Everything from the line holding "stacey_rector's tweet photo." through the final line of the records is to be transcribed exactly, except pictures, and nothing beyond that.

========================

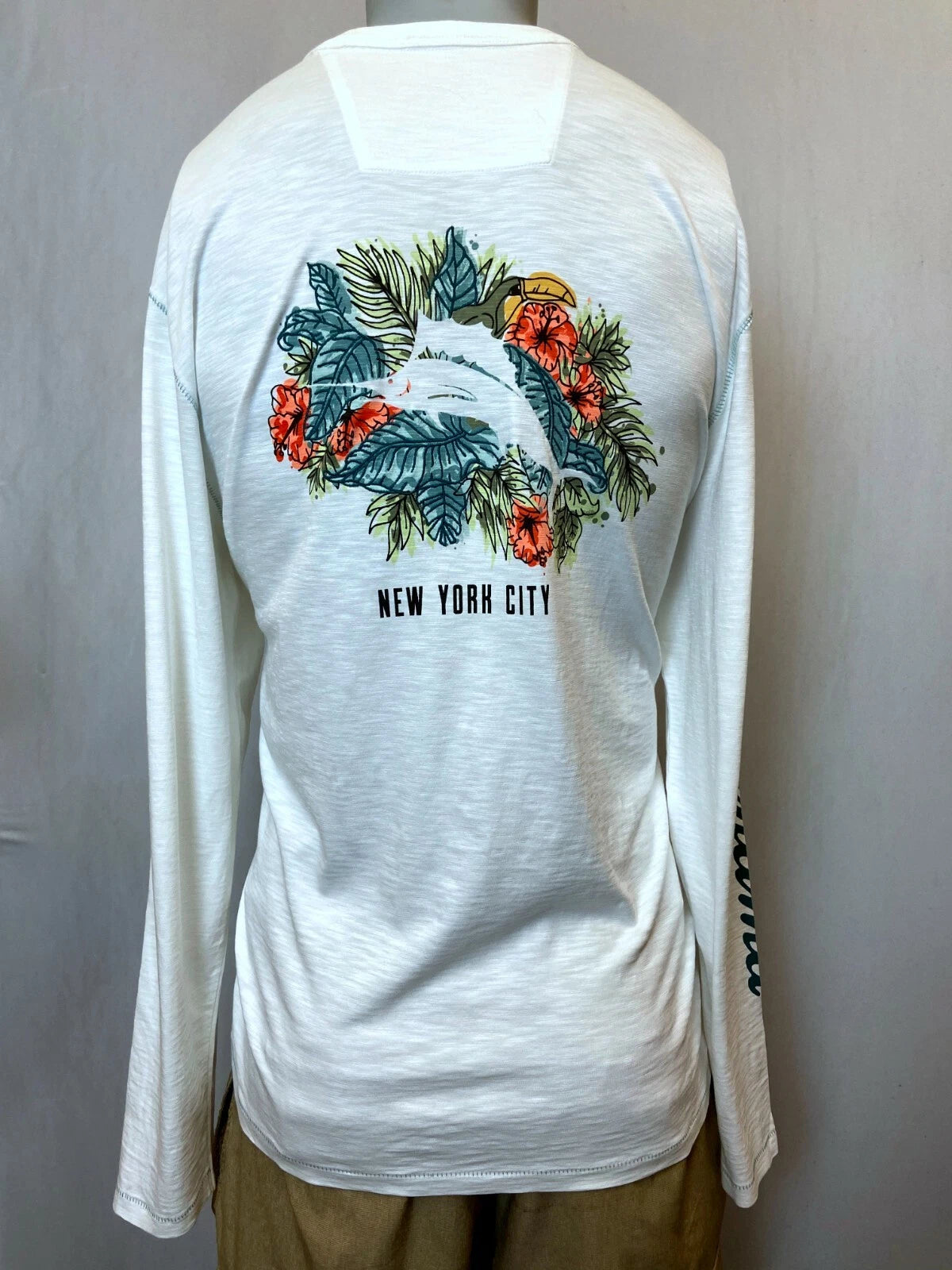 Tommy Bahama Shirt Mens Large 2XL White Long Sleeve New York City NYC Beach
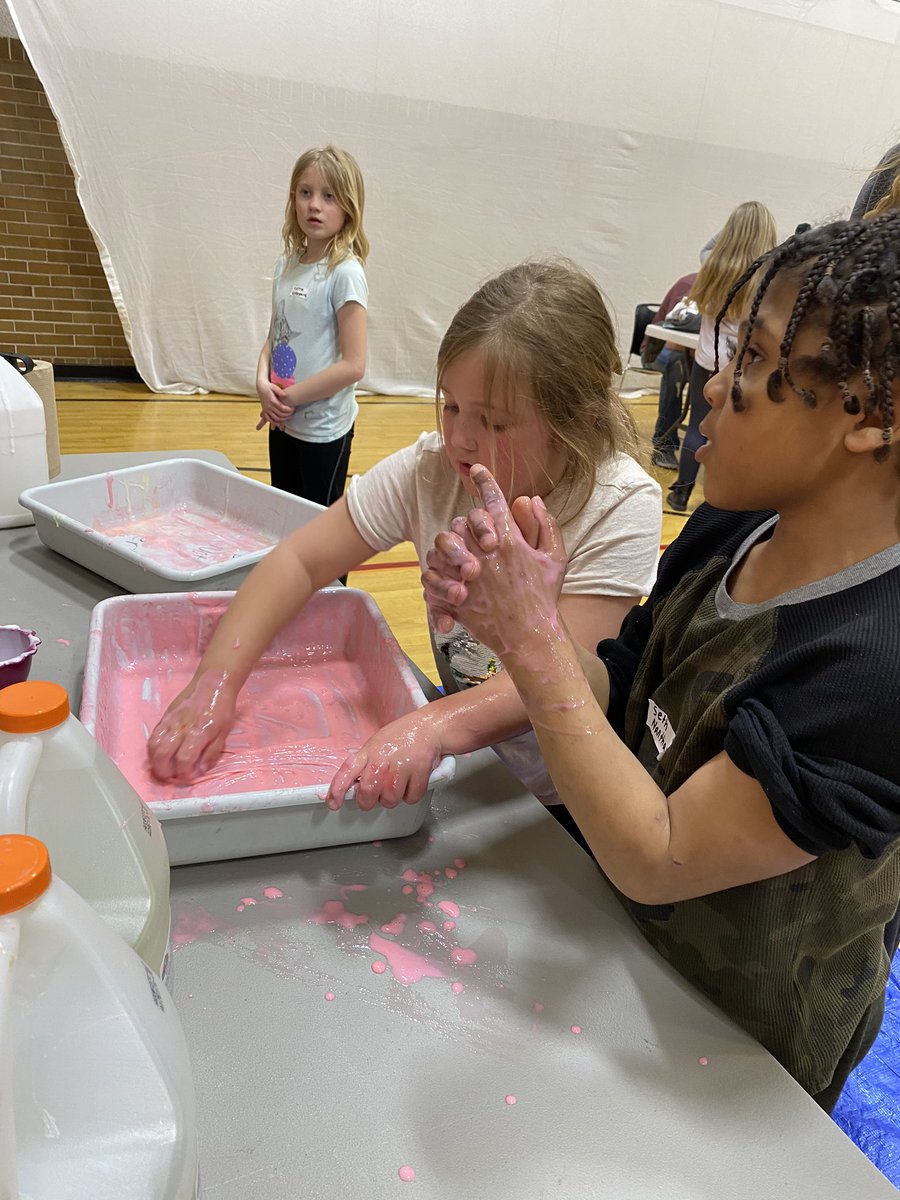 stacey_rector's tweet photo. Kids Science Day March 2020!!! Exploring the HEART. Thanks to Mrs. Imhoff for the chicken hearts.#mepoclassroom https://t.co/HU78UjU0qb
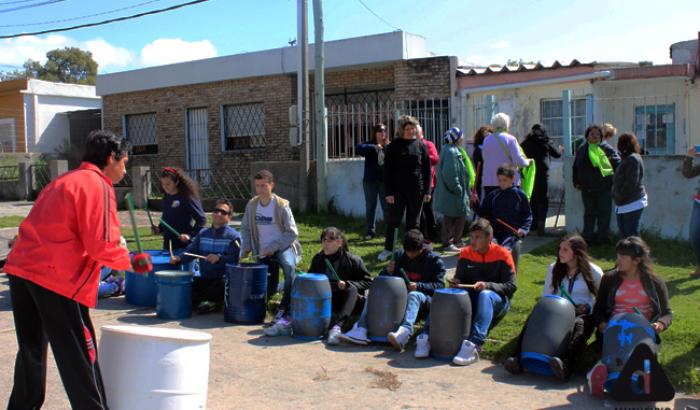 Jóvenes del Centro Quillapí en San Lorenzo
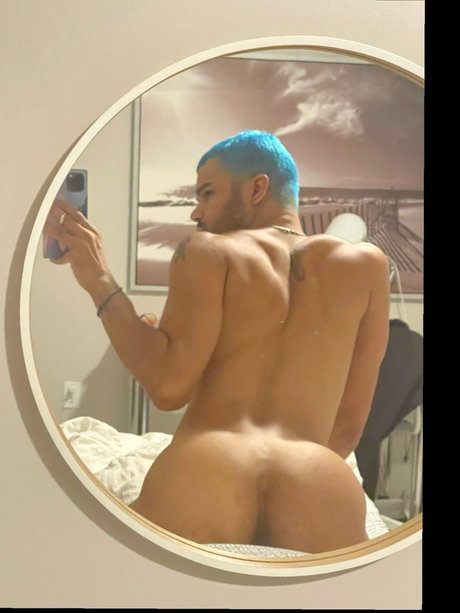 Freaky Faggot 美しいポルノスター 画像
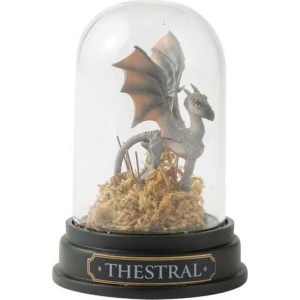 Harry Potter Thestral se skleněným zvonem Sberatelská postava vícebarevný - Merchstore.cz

========================

TASK RESPONSE:
 stacey_rector's tweet photo. Kids Science Day March 2020!!! Exploring the HEART. Thanks to Mrs. Imhoff for the chicken hearts.#mepoclassroom https://t.co/HU78UjU0qb
 Jóvenes del Centro Quillapí en San Lorenzo
 Freaky Faggot 美しいポルノスター 画像
 Harry Potter Thestral se skleněným zvonem Sberatelská postava vícebarevný - Merchstore.cz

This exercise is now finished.